BTFR follows $M_b \,\propto\, V_f^4$ over six decades in mass

Intrinsic scatter in the BTFR is negligible, indicating a universal IMF

Near-infrared mass-to-light ratios are nearly constant at 0.57 and 0.45 M_sun/L_sun

Abstract

We estimate the stellar masses of disk galaxies with two independent methods: a photometrically self-consistent color$-$mass-to-light ratio relation (CMLR) from population synthesis models, and the Baryonic Tully-Fisher relation (BTFR) calibrated by gas rich galaxies. These two methods give consistent results. The CMLR correctly converts distinct Tully-Fisher relations in different bands into the same BTFR. The BTFR is consistent with $M_b \propto V_f^4$ over nearly six decades in mass, with no hint of a change in slope over that range.
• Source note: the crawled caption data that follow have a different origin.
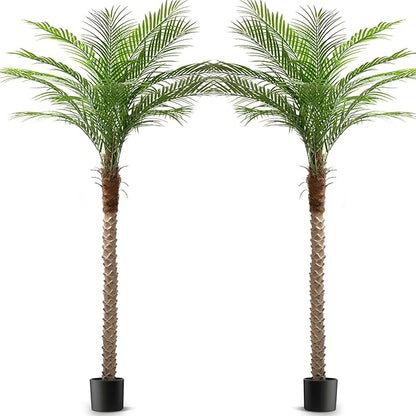 Artificial Phoenix Palm Tree 7ft Tall Outdoor Indoor Decor Fake Plants with 15 Adjustable Leaves, Large Faux Sago Palm Tree for Home Office Living Room Yard Outside Patio Poolside (2, 7ft)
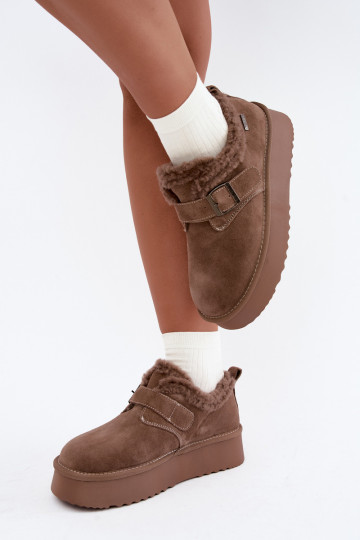 Schneestiefel aus Kunstveloursleder in Sandfarbe mit Plattform Big Star UU274318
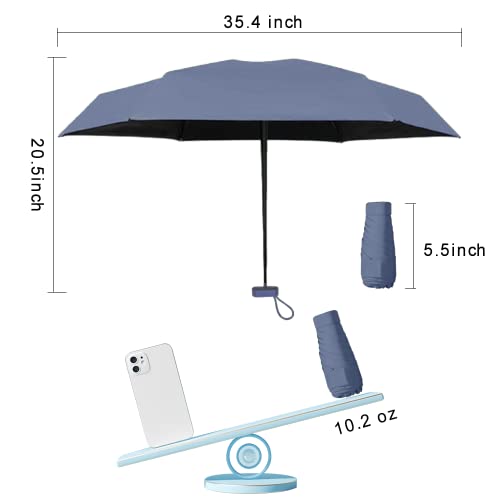 ESUFEIR Mini Sun Umbrella for Purse With Case - color: Haze Blue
The intrinsic scatter in the BTFR is negligible, implying that the IMF of disk galaxies is effectively universal. The gas rich BTFR suggests an absolute calibration of the stellar mass scale that yields nearly constant mass-to-light ratios in the near-infrared (NIR): $0.57\;M_{\odot}/L_{\odot}$ in $K_s$ and $0.45\;M_{\odot}/L_{\odot}$ at $3.6\mu$. There is only modest intrinsic scatter ($\sim 0.12$ dex) about these typical values. There is no discernible variation with color or other properties: the NIR luminosity is a good tracer of stellar mass.